Foreign Agents Registration Act

Other short titles
  
Foreign Principal Registration Act of 1938

Long title
  
An Act to require the registration of certain persons employed by agencies to disseminate propaganda in the United States and for other purposes.

Nicknames
  
Foreign Propagandists Registration Act of 1938

Enacted by
  
the 75th United States Congress

The Foreign Agents Registration Act (FARA) is a United States law (22 U.S.C. § 611 et seq.) passed in 1938 requiring that agents representing the interests of foreign powers in a "political or quasi-political capacity" disclose their relationship with the foreign government and information about related activities and finances. The purpose is to facilitate "evaluation by the government and the American people of the statements and activities of such persons." The law is administered by the FARA Registration Unit of the Counterespionage Section (CES) in the National Security Division (NSD) of the United States Department of Justice. As of 2007 the Justice Department reported there were approximately 1,700 lobbyists representing more than 100 countries before Congress, the White House and the federal government.

Contents

1938 Act

The Act originally was administered by the Department of State until transferred to the Department of Justice in 1942. From passage in 1938 until 1966 when the Act was amended, enforcement focused on propagandists for foreign powers, even if it was not "for or on behalf of" those powers. It was used in 23 criminal cases during World War II. For cases not warranting prosecution, the Department of Justice sent letters advising prospective agents of the law.

1966 Revision

In 1966 the Act was amended and narrowed to emphasize agents actually working with foreign powers who sought economic or political advantage by influencing governmental decision-making. The amendments shifted the focus of the law from propaganda to political lobbying and narrowed the meaning of "foreign agent". From that moment on, an organization (or person) could only be placed in the FARA database if the government proved that it (or he or she) was acting "at the order, request, or under the direction or control, of a foreign principal" and proved that it (or he or she) was engaged "in political activities for or in the interests of such foreign principal," including by "represent[ing] the interests of such foreign principal before any agency or official of the Government of the United States."
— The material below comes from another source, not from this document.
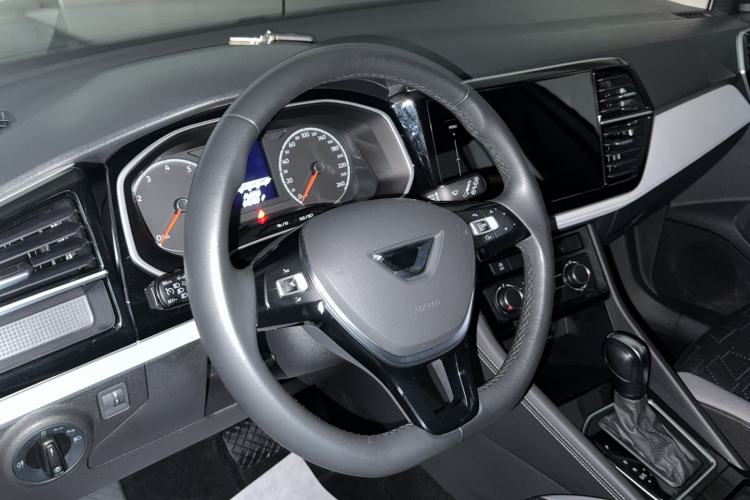Used Jetta VS5 2023 280TSI Automatic Trend Edition Steering Wheel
This increased the government's burden of proof; since 1966 there have been no successful criminal prosecutions under the FARA act. However, a civil injunctive remedy also was added to allow the Department of Justice to warn individuals and entities of possible violations of the Act, ensuring more voluntary compliance but also making it clear when the law has been violated. This has resulted in a number of successful civil cases and administrative resolutions since that time.

Later amendments

In 1995, the term "political propaganda" was removed from Subsection 611 following the 1987 Supreme Court case, Meese v. Keene, in which a California State Senator wanted to distribute three films from Canada about acid rain and nuclear war, but felt his reputation would be harmed if he distributed films that had been classified officially as "political propaganda". The Court backed up an earlier lower court ruling in favor of one of the film's distributors in Block v. Meese. The Lobbying Disclosure Act of 1995 (LDA), 2 U.S.C. § 1601, removed from the Act certain agents engaged in lobbying activities who register under that Act, which is administered by Congress.

In 2004 the Justice Department stated that the Foreign Agent Registration Unit's database for tracking foreign lobbyists was in disrepair. However, in 2007 The Justice Department launched an online database which can be used by the public to search filings and current reports.

Scope

The Act requires periodic disclosure of all activities and finances by:

  • people and organizations that are under control of
  • a foreign government, or
  • of organizations or of persons outside of the United States ("foreign principal"),
  • if they act "at the order, request, or under the direction or control" (i.e. as "agents")
  • of this principal or
  • of persons who are "controlled or subsidized in major part" by this principal.
  • Organizations under such foreign control can include political agents, public relations counsel, publicity agents, information-service employees, political consultants, fundraisers or those who represent the foreign power before any agency or official of the United States government.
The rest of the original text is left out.